As someone who happened to be a student in 1975 that's laughable. We were far more extreme than Corbyn is now.

As much as I think it was a mistake to elect Corbyn as Labour leader, I'm struggling to see anything Marxist in his proposals, they're more like Nordic socialism.

Of course it could be that you just want a 'strong leader' to clear the Augean stables. That was tried, without much success, in the last century.
 
Circulation may be dwindling but the papers continue to exert an influence in older age groups. They are owned by very wealthy people with an agenda which they hammer home on a daily basis, peddling lies in bold, their occasional apologies buried with the elasticated trouser adds on page 40.

The papers still set the agenda for other forms of media. A look at the front pages last thing on newsnight or whatever and a springboard for radio phone in shows the next day, all backed up of course with their own websites for those wanting to pollute their minds even more.
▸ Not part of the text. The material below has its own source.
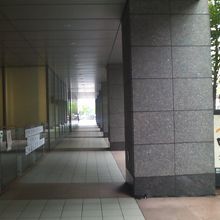 外の通路も回廊状になっていて、雨は回避（風は不可）出来ます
Whatever their overall impact, the fact they are four fifths right wing is a big problem.
As I said earlier they just reflect already entrenched views, a daily mail reader is unlikely to vote Labour. Journalists may be interested in what the papers say but they are a very small unrepresentative example.

Data is king these days, the likes of Facebook & Google wield the real influence. Online is 60% of the market.

I've worked in media for 25 years, the last 3 have probably contained more change in terms of consumption habits than the other 22.

Regional press is on its knees. Press is far less influential now than in its entire history. TV is more fragmented than ever.

The key tactic is to bypass traditional media altogether & micro target the key marginals. The Tories are doing this as are Labour.
 
As someone who happened to be a student in 1975 that's laughable. We were far more extreme than Corbyn is now.

As much as I think it was a mistake to elect Corbyn as Labour leader, I'm struggling to see anything Marxist in his proposals, they're more like Nordic socialism.

Of course it could be that you just want a 'strong leader' to clear the Augean stables. That was tried, without much success, in the last century.

I would take issue with the comparison, and have already done so several times on these pages. For a start the Nordics are free-market economies with private ownership of companies. As far as I am aware they don't sequestrate corporate and private assets. They are anyway entirely different economies to our own, and far smaller.

I would also take issue with the entire precept of Corbyn's 'proposals' when set against the political backgrounds of Corbyn and Mcdonnell. Corbyn himself has become quite adept at masking his long-held Marxist/socialsit beliefs. Mcdonnell makes no secret of it.

Capital 'S' Socialism was also tried, and with very considerably less success, in the 1970s. And 60s, and 50s, and indeed in the 1980s, 90s, and into this century. It laid waste to every economy that it touched.

Has JC renounced his fawning admiration for the late Hugo Chavez yet, incidentally?
 
As I said earlier they just reflect already entrenched views, a daily mail reader is unlikely to vote Labour. Journalists may be interested in what the papers say but they are a very small unrepresentative example.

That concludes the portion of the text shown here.